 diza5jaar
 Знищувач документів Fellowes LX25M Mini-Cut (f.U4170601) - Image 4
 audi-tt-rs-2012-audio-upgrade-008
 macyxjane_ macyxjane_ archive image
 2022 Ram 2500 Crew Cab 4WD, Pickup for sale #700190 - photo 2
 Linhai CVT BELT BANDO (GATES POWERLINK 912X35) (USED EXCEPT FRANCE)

...

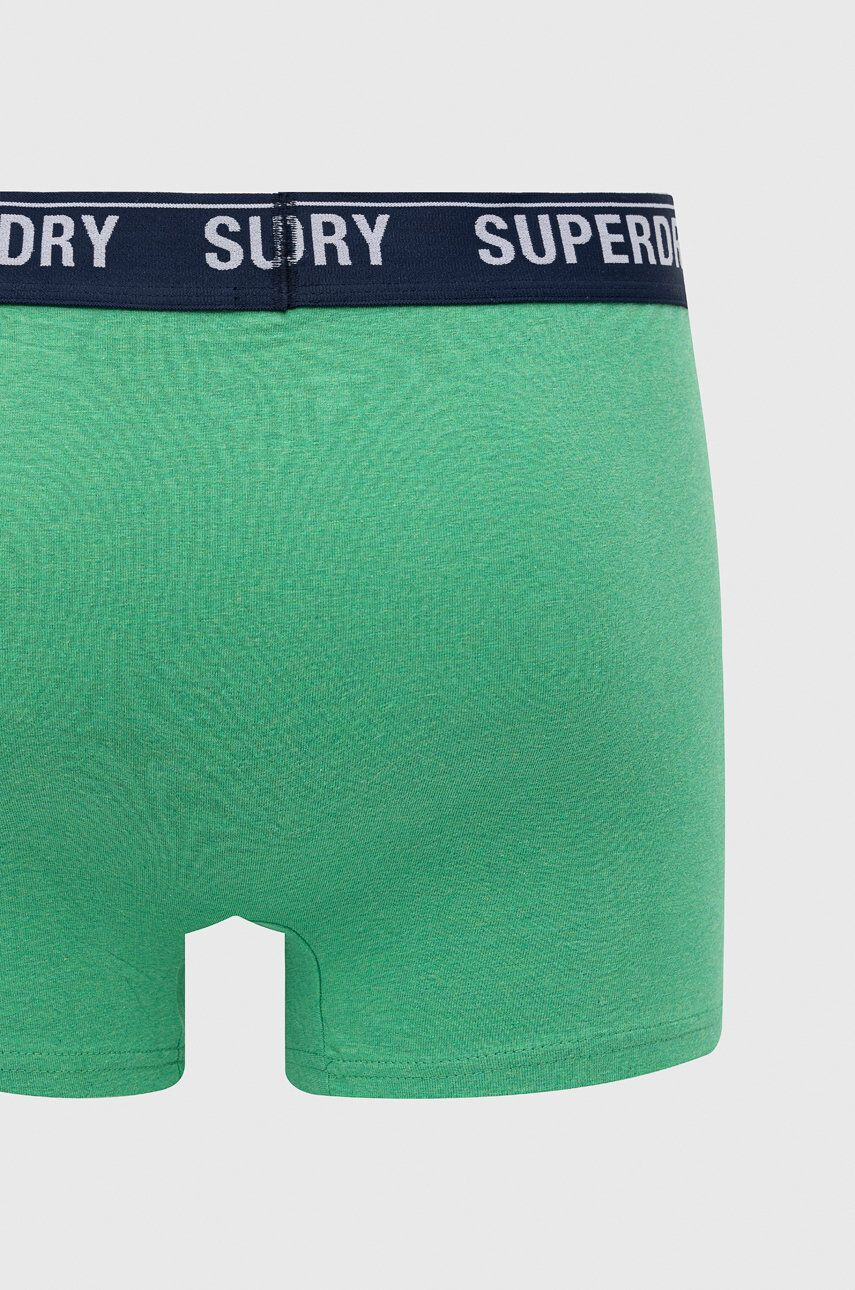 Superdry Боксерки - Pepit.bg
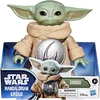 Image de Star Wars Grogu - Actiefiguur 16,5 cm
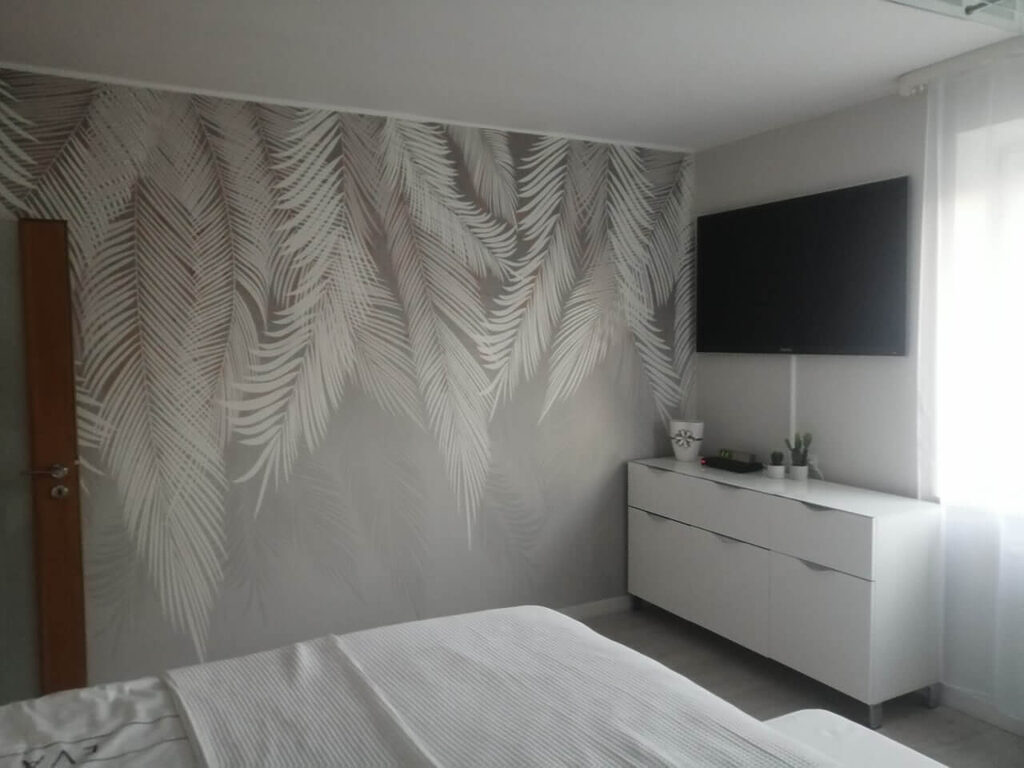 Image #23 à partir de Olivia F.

-- Work item --
An exact copy of the lines above from the one with "Superdry Боксерки - Pepit.bg" up to and including the one with "Image #23 à partir de Olivia F." is required; reproduce only those lines, omitting all pictures.

-- Response area --
 Superdry Боксерки - Pepit.bg
 Image de Star Wars Grogu - Actiefiguur 16,5 cm
 Image #23 à partir de Olivia F.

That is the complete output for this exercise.